March 12, 2012 – Microsoft will bolster its Azure cloud platform testing, controls and tools, as well as beef up customer communications in response to the “extraordinary nature” of an 18-hour disruption triggered by a Leap Day software bug.
In a blog on the incident posted Friday evening, Microsoft lead engineer Bill Laing wrote that the incident occurred in two phases. Initially, a software bug connected to the oversight of Leap Day information included in Azure’s customer access led to Microsoft taking the entire platform offline for a few hours. That was followed by corrupted service offerings from clusters that remained connected, particularly impacting servers handling some U.S. and northern European customers.
The software bug and outage created a disconnect between cloud offerings and Microsoft’s virtual machines running on data center server clusters. Microsoft was able to iron out some service problems a few hours after they were first reported February 29 from the addition of the extra calendar day to its access and service tickets. However, some clusters were impacted into early March 1 because of service applications updates and operations customers had submitted that were running without the fixes and in isolation though its scaled-out, redundant platform software component called the Fabric Controller. Microsoft stated that the outages did not impact its storage servers because they do not run as a “guest agent” like those services offerings on the virtual machines.
In response, Microsoft noted it would enhance its software testing on the cloud platform, including add-ons for granular control of data accessed or stored in its offerings, fault detection beyond those reliant on sign-in time-outs and faster error notifications to technical support. The cloud customer support dashboard, which was also unavailable at points during the outage, will now be spread across separate infrastructures, with the expectation of more and up-to-date information moving forward. In addition, Microsoft will look to keep customers in touch via social networks like Facebook and Twitter.
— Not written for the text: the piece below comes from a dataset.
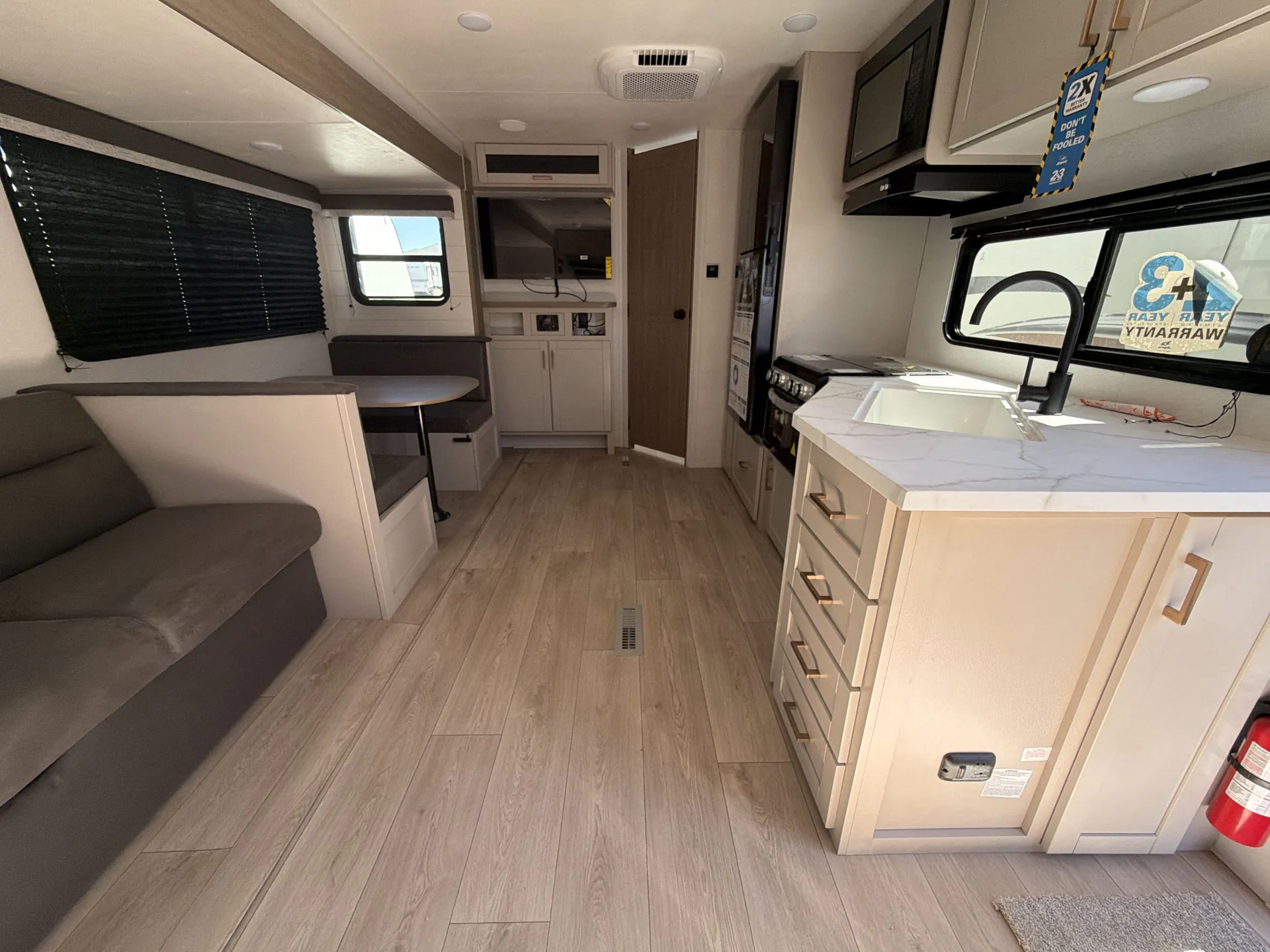 2027 Jayco Jay Flight 262RLSW — living area main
Laing wrote that there have already been modifications made to internal tools and hardware dependencies.
“We will continue to spend time to fully understand all of the issues outlined above and over the coming days and weeks we will take steps to address and mitigate the issues to improve our service,” Laing wrote. “We will strive to continue to be transparent with customers when incidents occur and will use the learning to advance our engineering, operations, communications and customer support and improve our service to you.”
Cloud customers of Windows Azure Compute, Access Control, Service Bus and Caching will also get a 33 percent credit regardless of the impact to their service during that billing cycle, according to.the post-mortem blog post.
The blog did not detail the number of customers impacted. It was the second major disruption of the Azure platform since 2009, though Laing wrote it was the first time they had taken the step of disabling service management functionality.
Days before the post-mortem, Microsoft also announced reduced pricing for compute and storage cloud customers, piggybacking on entry-level cost reductions the provider made in February, as well as additional enterprise resource planning offerings. Earlier in the week, Amazon Web Services and Google also cut the price for their respective cloud platforms.